LOCATION: 14E-304
This talk will survey the broad ways that gender plays a role in food traditions within the Coptic Orthodox Christian community, both in Egypt and in diasporic contexts. The overview is followed by a specific examination of gendered food preparation, in the past and present. For instance, while male sacristans are usually charged with making Eucharistic bread, women home cooks have engaged in baking other religiously imbued pastries such as those honoring the feasts of the Archangel Michael and the Virgin Mary. Through a study of ritualistic tools, textual sources, and recent Christian visual media, the talk explores how Coptic women in this highly patriarchal and conservative milieu have used the kitchen to assert their religious expertise and, consequently, how they have played a critical role in upholding communal food traditions.
Febe Armanios is Professor of History at Middlebury College where she is also the Founding co-Director of the Axinn Center for the Humanities.
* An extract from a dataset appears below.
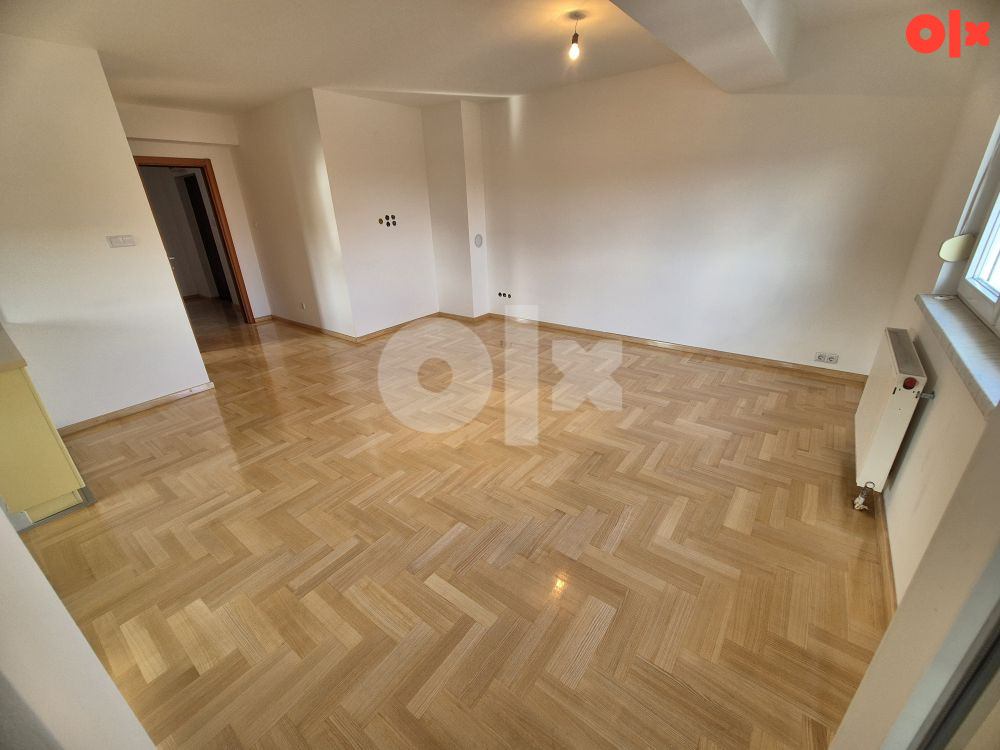 Troiposoban stan 103m2 - početak Lauša 4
She specializes in the history of Christian communities in the Middle East, especially of Egypt’s Copts, comparative religious practices, as well as food history and media studies. She’s the author of two books, Coptic Christianity in Ottoman Egypt (Oxford UP, 2011) and Halal Food: A History co-authored with Boğaç Ergene (Oxford UP, 2018). Currently, she is completing a third book titled Satellite Ministries: The Rise of Christian Television in the Middle East. She has also begun research for a new project that explores comparative Christian food practices in Ottoman and post-Ottoman locales, including in Egypt, Lebanon, Greece, Cyprus, and Turkey.
The McMillan-Stewart lectures are coordinated by the MIT Program in Gender and Women's Studies and are organized by the holder of the namesake chair, Lerna Ekmekcioglu, Director of the Women’s & Gender Studies Program and member of the MIT History Faculty since 2011. Endowed by Geneviève McMillan, the lectures provide a space for scholars, artists, journalists, activists, and other experts to reflect on issues related to women in the developing world, specifically (but not exclusively) in the Middle East and North Africa. Lectures are free and open to the public.
This event will take place in room 2-105 at 5pm. All are welcome.